ゴールデンタイムは根拠なし?睡眠にまつわる誤った6つの俗説

睡眠は科学的に解明されていないことが多く、目新しい研究結果が発表されるとまだしっかり検証されないまま広まってしまうことがあります。それが俗説として定着したものの、実は正しい理論ではなかったということもあるので、睡眠の代表的な6つの俗説について学んでおくことをお勧めします。

ゴールデンタイムの俗説

テレビなどでも以前は紹介されていた「睡眠のゴールデンタイム」は、実は誤った俗説であることが分かっています。「午後10時から午前2時」の時間帯が睡眠のゴールデンタイムとされ、この時間帯に睡眠を取ることで美容効果などのメリットがあるという俗説ですが、詳しい研究結果に基づいたものではありません。

実際のゴールデンタイムは?

間違った俗説である睡眠のゴールデンタイムですが、睡眠のサイクルと混同されていたという見方もできます。睡眠にはレム睡眠とノンレム睡眠があり、後者がいわゆる「深い眠り」に相当します。一般的な睡眠時間だとちょうどノンレム睡眠が来るタイミングが午後10時から午前2時ごろになることが多いため、結果的にゴールデンタイムという俗説が広まった可能性が高いです。

睡眠時間の俗説

睡眠時間に関しては8時間が理想というのが俗説で、これは完全に誤りではありません。8時間というのは社会生活を維持しながら健康も保てる理想的な時間帯ですが、健康だけを考えた場合、ベストな睡眠時間というのは人によって様々です。

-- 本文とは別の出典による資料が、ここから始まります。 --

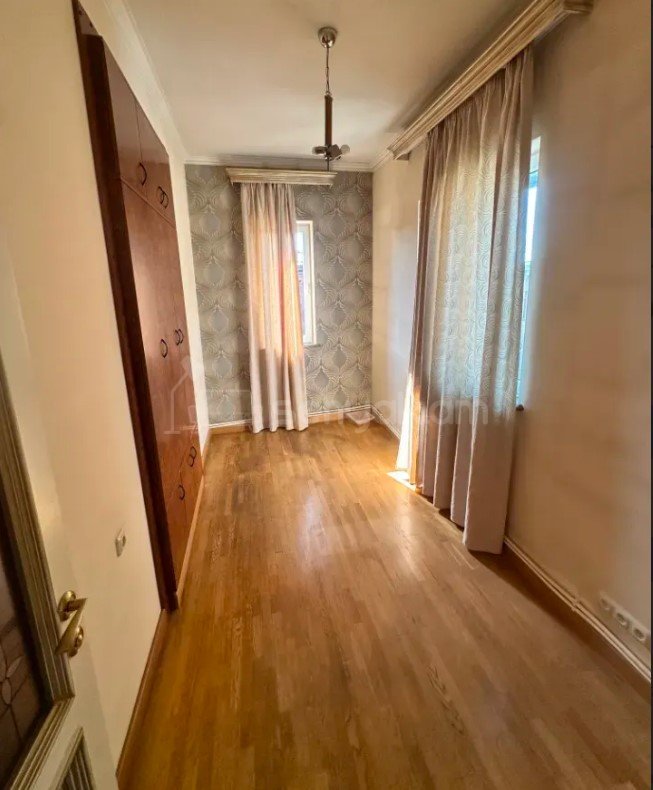 3 Սենյականոց Բնակարան Քարե Շենքում, 70քմ, 4/4 հարկ, Կապիտալ Վերանորոգված, Կահավորված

本来適した睡眠時間は「すっきりできる分だけでよい」という基準があり、実際には10時間のような長い睡眠時間でも体の不調が起こらなければ問題ありません。しかし、10時間も眠ると仕事や学校に遅れてしまう可能性があるため、8時間が良いというのが俗説として定着しています。

アルコールと睡眠の俗説

アルコールを飲むと眠気が出てくるのは事実ですが、それが実際の睡眠に良いという俗説は大きな誤りです。お酒を飲むとアルコールが体内で分解されるため、肝臓に負担がかかって睡眠の質が低下してしまいます。さらに、アルコールを多めに摂取すると体が脱水気味になるため、水分を欲して夜中に目覚めてしまうこともあります。

適量のアルコールは心身をリラックスさせるので、睡眠に大きなデメリットをもたらすわけではありませんが、飲んでそのまま眠ってしまうのが良いというのは事実に基づかない俗説なので、注意しましょう。

寝ながら学習という俗説

教育の場で「睡眠学習」という言葉が使われることがありますが、これも根拠のない俗説です。睡眠学習は寝ている間に専用の音声を流すことで暗記できたり、学習能力が高まったりするというものです。しかし、睡眠中は感覚をできる限りシャットダウンして心身を休ませるわけですから、音声を聴いたからといってそれが特別な効果をもたらすことはありません。むしろ、音声で目が覚めてしまうと睡眠が中断すると逆に悪影響なので、睡眠学習という俗説は誤りであることが分かります。

起床時の学習にはメリットが

睡眠学習というのは間違った俗説ですが、睡眠自体に学習へのメリットがあることは証明されています。睡眠は記憶の定着機能を担当しているため、しっかり眠ることで暗記事項を覚えやすくなります。